Another week, another law school scrap. This time it’s not about the Legal
Practice Course (LPC), but rather the New York Bar programme.
Last week College of Law (CoL) announced that it will offer the New York Bar Course to full-time Graduate Diploma in Law students who go on to complete its LPC or Bar Professional Training Course (see story).
Those who successfully complete the extended course will be awarded a US-style CoL Juris Doctor (JD) professional degree in law.
This could potentially be good news to would-be lawyers in America who want to qualify as US attorneys because it will reduce the amount of time – and as such the cost – of qualifying. That said, we won’t know exactly how much students will be saving until CoL finalise the fees.
But the news hasn’t gone down particularly favourably with online readers of Lawyer2B, who have branded the new course a waste of money, claiming that the qualification is useless unless you actually want to practise in the US.
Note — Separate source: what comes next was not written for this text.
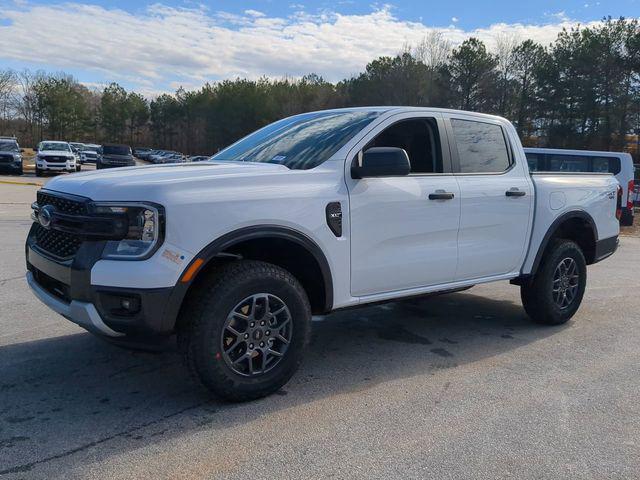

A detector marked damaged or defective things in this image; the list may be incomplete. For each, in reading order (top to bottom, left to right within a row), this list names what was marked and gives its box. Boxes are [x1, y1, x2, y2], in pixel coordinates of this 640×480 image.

One poster says: “I’m often asked by prospective trainees if taking the New York Bar is a good idea. It should be regarded as satisfying personal ambition only, as it may be very interesting but absolutely useless in legal practice. My US colleagues would not hire someone for US law work based on the conversion, and it is irrelevant to English law work.”
But that hasn’t stopped Kaplan for following CoL’s move by announcing that it will be offering an on-line version of the programme. BPP, meanwhile, has been running the New York Bar Course for three years already.
I’m all up for cutting the cost of study and allowing students more choice, but I hope all these new courses aren’t just another way for law schools to boost their profitability while leaving would-be lawyers still struggling to enter the profession.